**PROBLEM STATEMENT**: From the line with "There will be" through the line with "What is the", inclusive, return each line of the data below exactly and leave the rest out.

RECORDS FOR THE TASK below:

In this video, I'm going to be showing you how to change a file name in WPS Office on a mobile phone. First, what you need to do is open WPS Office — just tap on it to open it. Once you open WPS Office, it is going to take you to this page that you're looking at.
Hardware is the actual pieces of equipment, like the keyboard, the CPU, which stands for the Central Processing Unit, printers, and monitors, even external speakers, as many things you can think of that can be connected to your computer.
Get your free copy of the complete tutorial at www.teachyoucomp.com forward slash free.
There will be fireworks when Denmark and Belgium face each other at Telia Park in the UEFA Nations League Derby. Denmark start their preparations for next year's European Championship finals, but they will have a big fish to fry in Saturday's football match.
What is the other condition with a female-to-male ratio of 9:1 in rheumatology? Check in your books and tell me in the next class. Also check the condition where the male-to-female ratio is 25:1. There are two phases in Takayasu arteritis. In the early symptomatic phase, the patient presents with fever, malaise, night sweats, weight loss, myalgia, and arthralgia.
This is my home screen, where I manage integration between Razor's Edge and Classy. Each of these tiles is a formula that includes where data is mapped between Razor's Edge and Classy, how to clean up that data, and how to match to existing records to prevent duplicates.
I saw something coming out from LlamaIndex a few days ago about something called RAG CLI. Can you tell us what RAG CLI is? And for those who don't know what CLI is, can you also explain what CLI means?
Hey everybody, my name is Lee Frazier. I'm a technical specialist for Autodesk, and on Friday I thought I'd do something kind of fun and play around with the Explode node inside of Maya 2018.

End of RECORDS FOR THE TASK.
RECORDS FOR THE TASK below:

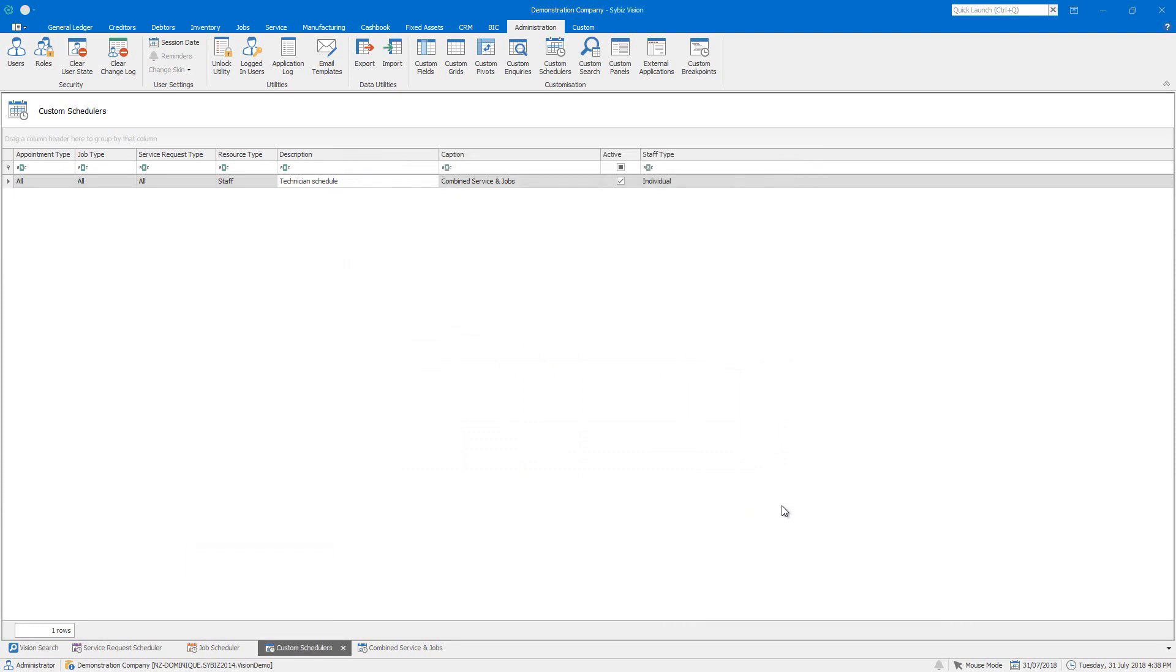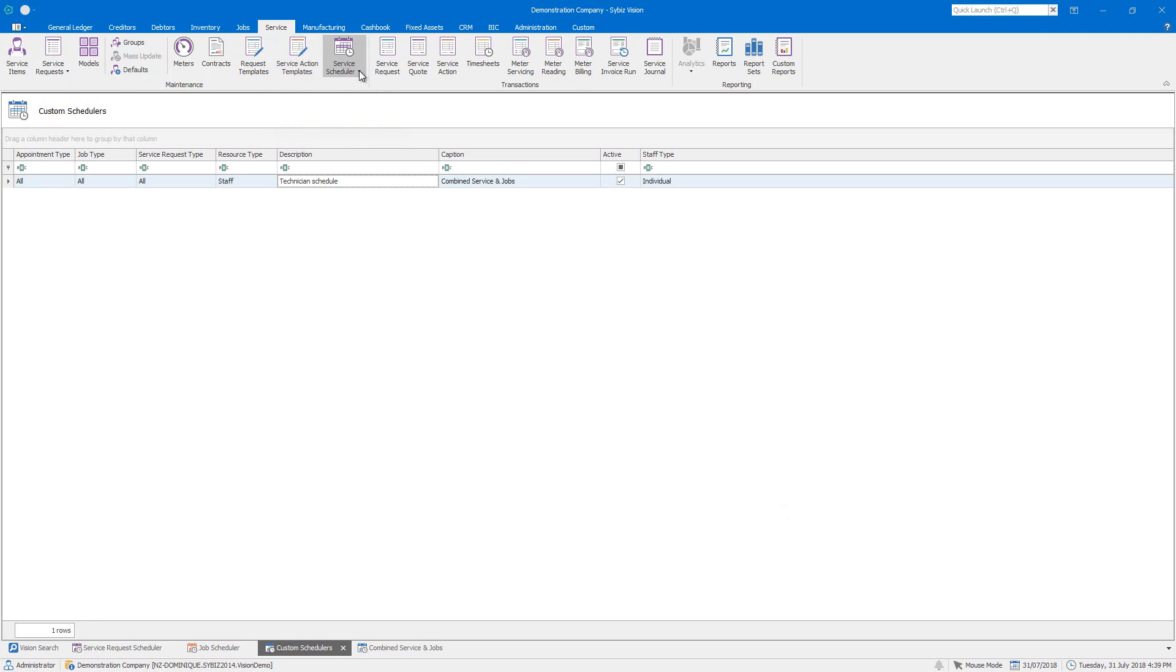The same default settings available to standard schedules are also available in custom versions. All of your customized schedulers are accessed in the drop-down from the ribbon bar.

End of RECORDS FOR THE TASK.
RECORDS FOR THE TASK below:

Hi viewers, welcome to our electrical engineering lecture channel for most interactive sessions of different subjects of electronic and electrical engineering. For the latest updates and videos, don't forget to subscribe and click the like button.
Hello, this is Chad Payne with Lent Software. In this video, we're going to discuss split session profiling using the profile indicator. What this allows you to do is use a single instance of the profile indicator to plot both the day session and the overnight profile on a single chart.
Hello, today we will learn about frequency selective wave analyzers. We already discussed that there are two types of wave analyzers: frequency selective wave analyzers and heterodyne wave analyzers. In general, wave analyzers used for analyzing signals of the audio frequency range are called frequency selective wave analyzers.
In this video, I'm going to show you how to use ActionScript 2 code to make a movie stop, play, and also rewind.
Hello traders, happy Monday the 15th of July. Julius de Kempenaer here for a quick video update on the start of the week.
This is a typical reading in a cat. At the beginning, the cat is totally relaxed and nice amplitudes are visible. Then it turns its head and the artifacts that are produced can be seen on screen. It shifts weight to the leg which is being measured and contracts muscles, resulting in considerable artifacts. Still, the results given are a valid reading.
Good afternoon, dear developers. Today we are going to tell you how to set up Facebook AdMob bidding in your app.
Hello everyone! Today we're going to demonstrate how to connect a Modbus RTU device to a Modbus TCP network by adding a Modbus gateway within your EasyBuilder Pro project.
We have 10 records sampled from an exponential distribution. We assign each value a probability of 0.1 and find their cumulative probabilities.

End of RECORDS FOR THE TASK.

**COMPLETED EXERCISE**:
There will be fireworks when Denmark and Belgium face each other at Telia Park in the UEFA Nations League Derby. Denmark start their preparations for next year's European Championship finals, but they will have a big fish to fry in Saturday's football match.
What is the other condition with a female-to-male ratio of 9:1 in rheumatology? Check in your books and tell me in the next class. Also check the condition where the male-to-female ratio is 25:1. There are two phases in Takayasu arteritis. In the early symptomatic phase, the patient presents with fever, malaise, night sweats, weight loss, myalgia, and arthralgia.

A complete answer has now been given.